The Cyprus issue is now at a "critical juncture" that calls for particular caution and resoluteness towards achieving a political settlement, Cyprus President Tassos Papadopoulos was quoted as addressing the 60th session of the UN General Assembly in New York.

"On our part, we remain committed to a bizonal, bicommunal federal Cyprus, in line with what we consider to be the pillars of the survival of this model of settlement: high level agreements, UN resolutions and international laws," Papadopoulos said.

"We remain committed to holding negotiations under the umbrella of the United Nations and working for the creation of those conditions that will render fruitful negotiations feasible," the president said.

Within this context, the Cypriot government has been implementing substantial measures on the ground to build confidence and promote the economic development of the Turkish Cypriots.

The president said the Greek Cypriots rejected a UN-proposed solution in April 2004 because "it did not provide for and could not bring about the reunification of the country, its society, economy and institutions."

Papadopoulos said since then, the priority of the Greek Cypriot side has been to "revise the content, product and shortcomings of the last negotiation process, which led to the referendum" and at the same time "dispel certain misconceptions that were solidified as a result of the last negotiation process."

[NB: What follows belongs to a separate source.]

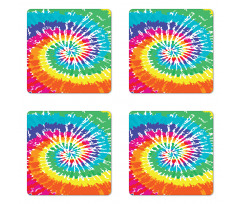 Rainbow Tie Dye Effect Coaster Set Of Four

The Greek Cypriots rejected a UN blueprint for reunification, which envisaged two loosely tied zones based on ethnics on the Mediterranean island. The Turkish Cypriots approved the plan.

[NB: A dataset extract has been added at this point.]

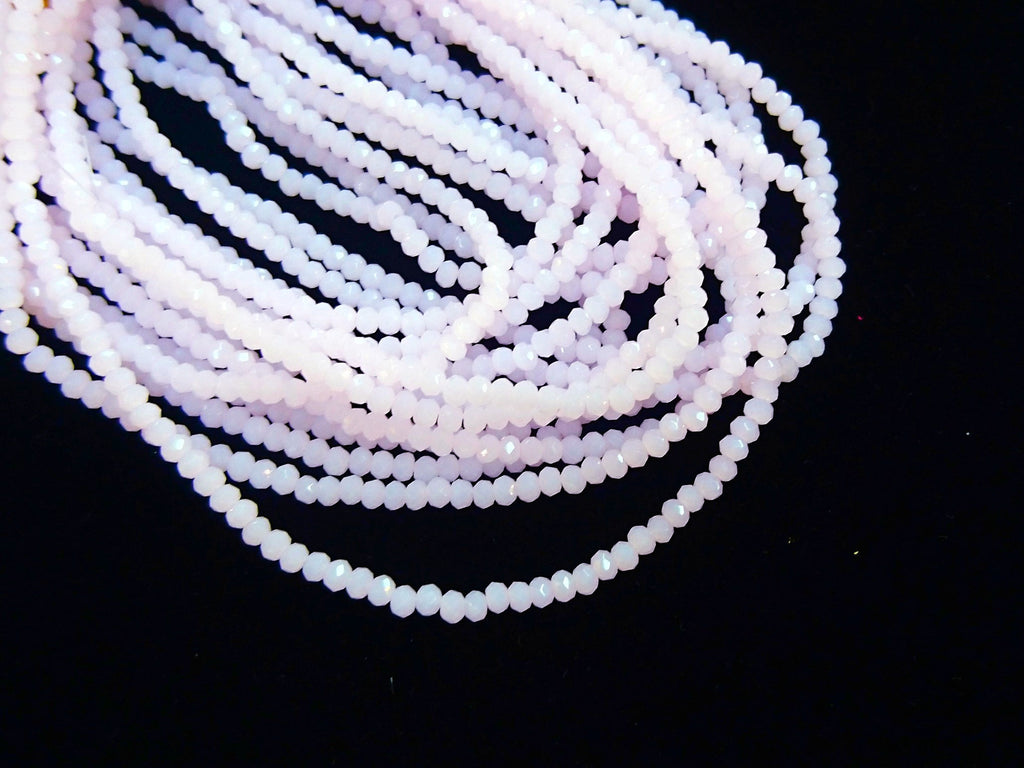 Glass beads, 2x3mm faceted rondelle, opaque pink (#48) | 玻璃珠, 2x3mm, 切面扁珠, 果凍淺粉紅色 (#48)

Cyprus has been divided into the Turkish-Cypriot north and the Greek-Cypriot south since 1974, when Turkish troops entered north of the island after a failed Greek-Cypriot coup seeking union with Greece.

Papadopoulos also called the European Union to play a role in the negotiations, which, he noted, will be catalytic.

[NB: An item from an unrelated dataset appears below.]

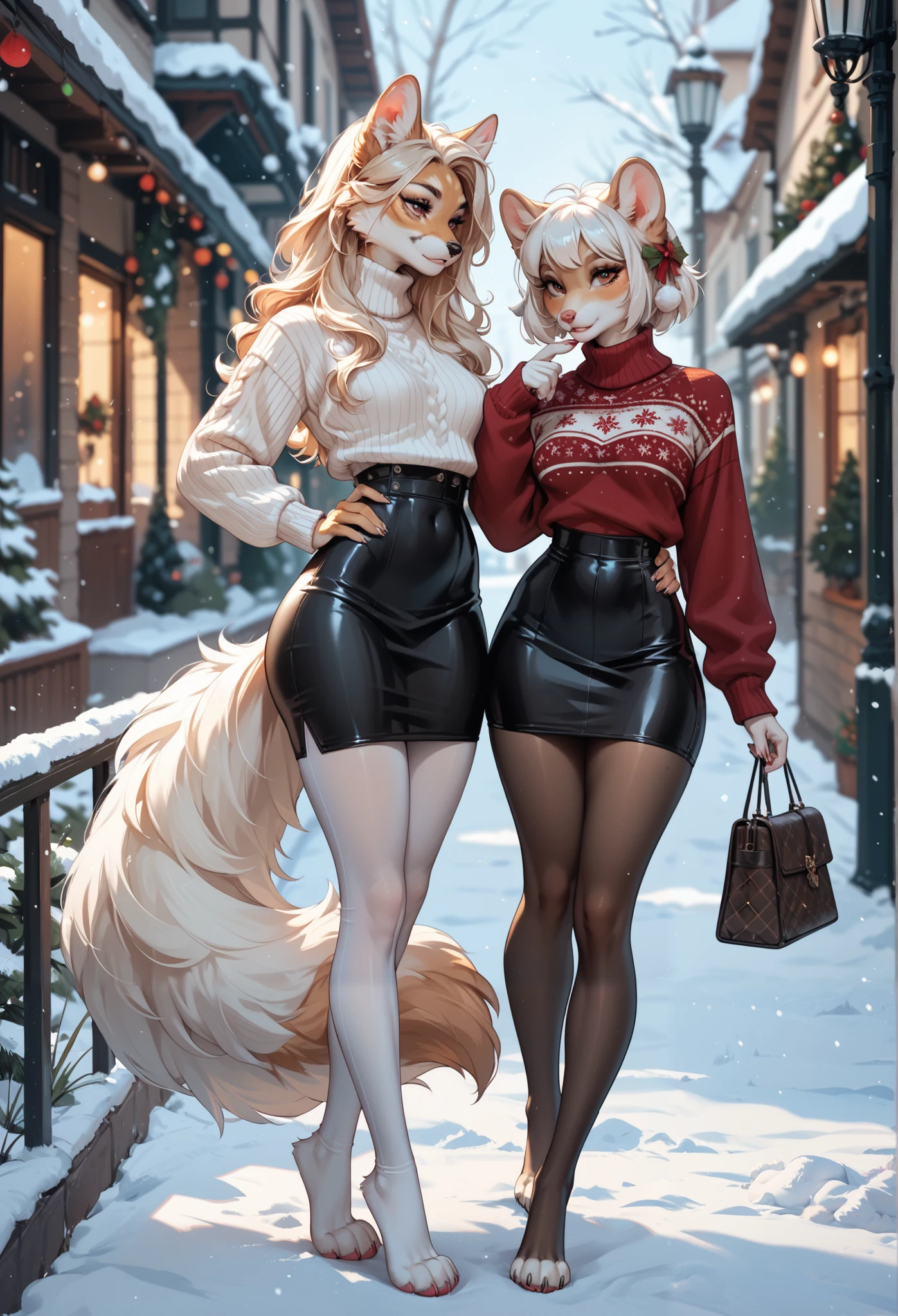 2 furry girls, tight skirt, pantyhose, furry, fluffy tail, slim waist, wide hips, large butt, small perky breasts, sweater, paws, winter, white fur, beautiful hair, seductive eyes, lesbian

The Greek Cypriot south entered the EU representing the whole island in May 2004 after it rejected the reunification plan, while the Turkish north, recognized only by Ankara, was left outside.

The president added there must also be a change in Turkey's attitude towards a reunified state on the island.

He expressed hope that enhanced cooperation between Greek and Turkish Cypriots would be conducive to achieving progress on different aspects of the Cyprus issue.